Rutschke was born in Neu-Golm, Bad Saarow in Germany. During the war he served as a paratrooper and was wounded. He became a teacher in 1946. He was interested in birds from childhood but took an interest in ornithology as a career after meeting Erwin Stresemann. He received a PhD for his work on water resistance in plumage in 1958 which included studies on the feathers of penguins. He became a professor of animal physiology at Potsdam and later became a professor at the Pedagogical Highschool in 1991.

He took an interest in waterbirds and the conservation of their habitats establishing a waterbird research centre in East Germany in 1967 and conducting bird censuses. He conducted research on greylag geese and their migration. Rutschke helped make the German Democratic Republic a signatory to the Ramsar Convention on 31 July 1978.

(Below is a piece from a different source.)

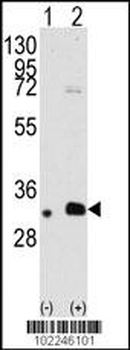 MAGEB2 Antibody (N-term)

During the Cold War years, he was actively watched by Stasi intelligence agents and informants who followed him to Ornithological Congresses. One intelligence agent reported that while in Hungary, Rutschke had invited Sir "Walter Scott" (actually Sir Peter Scott) and other foreign delegates into his room in order to celebrate and sing (Rutschke was known for his voice) and therefore considered to have broken protocol.

He published books on wild geese, ducks, the swans of Europe and a monograph on the cormorant.